Biodiesel blends of 20 percent and below will work in any diesel engine without the need for modifications. These blends will operate in diesel engines just like petroleum diesel. If the blend has been properly treated by the petroleum company, it will work year-round, even in cold climates. B20 also provides similar horsepower, torque, and mileage as diesel.
Ethanol is blended with gasoline in various amounts for use in vehicles.
10 percent ethanol, classified as “substantially similar” to gasoline by the U.S. Environmental Protection Agency and legal for use in any gasoline-powered vehicle. E10 is sold in every state. In fact, more than 95 percent of U.S. gasoline contains up to 10 percent ethanol to boost octane, meet air quality requirements or satisfy the Renewable Fuel Standard.
Up to 15 percent ethanol. EPA-approved in 2011 for use in model year 2001 and newer conventional vehicles.

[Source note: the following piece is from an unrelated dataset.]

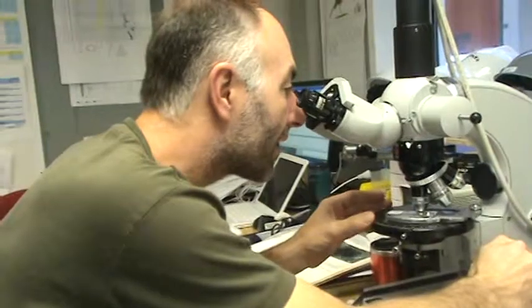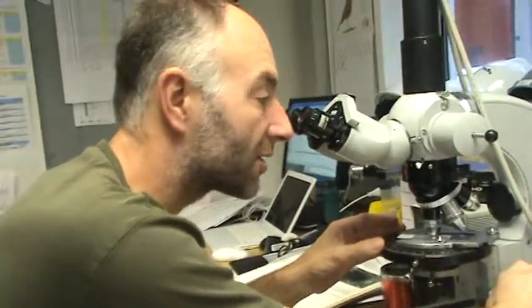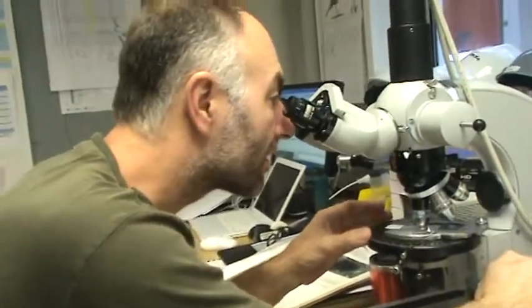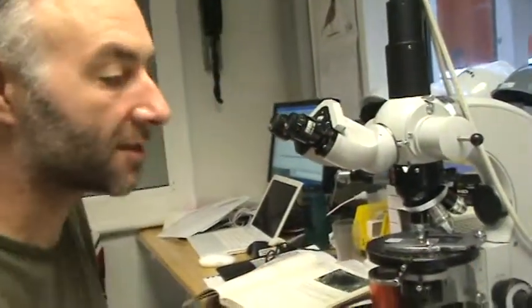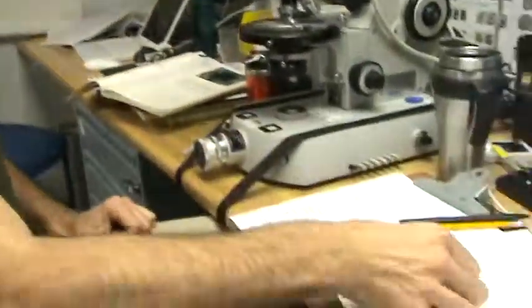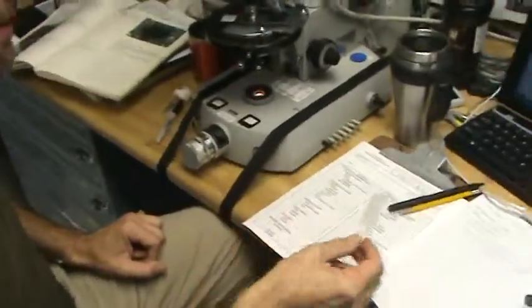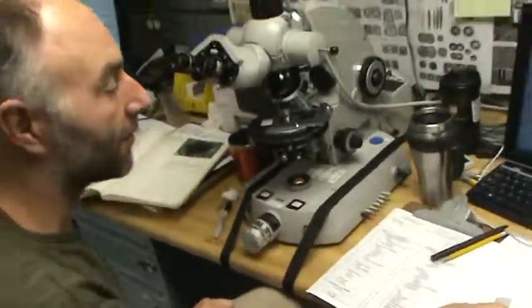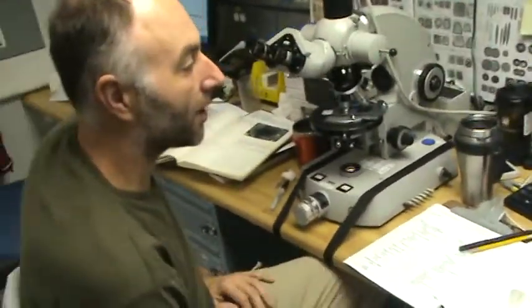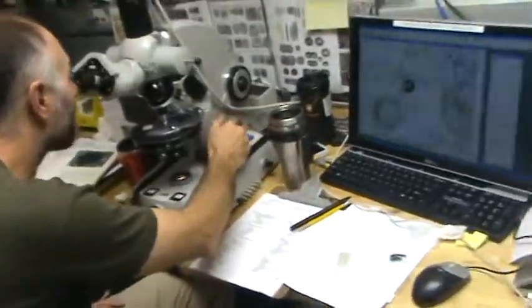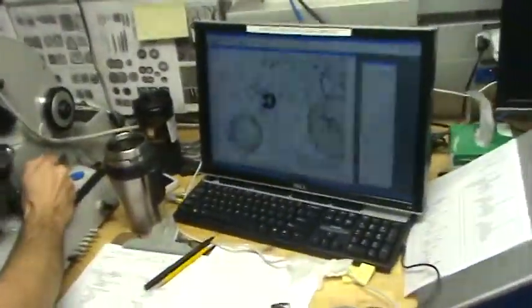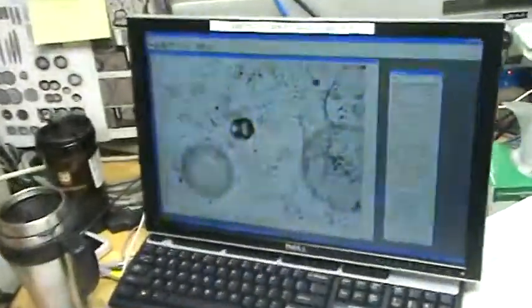Well, I'm analyzing smear slides. So we take little chunks of sediment and smear it on a glass slide, and then we dry them up and put them under the microscope. That's what you're seeing right now. Very cool.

E15 delivers higher octane at a lower price and results in lower evaporative emissions.
Higher percentage blends of ethanol offer the best and least expensive way to increase octane for higher performance engines. In addition, higher blends result in lower sulfur content. For example, E30 cuts the amount of sulfur in gasoline by two-thirds.
E85 (also known as flex-fuel) is a high-level ethanol-gasoline blend containing 51 percent to 83 percent ethanol, depending on geography and season. It can be used in designated flexible fuel vehicles only. About one quarter of vehicles produced in 2015 will be flex-fuel capable.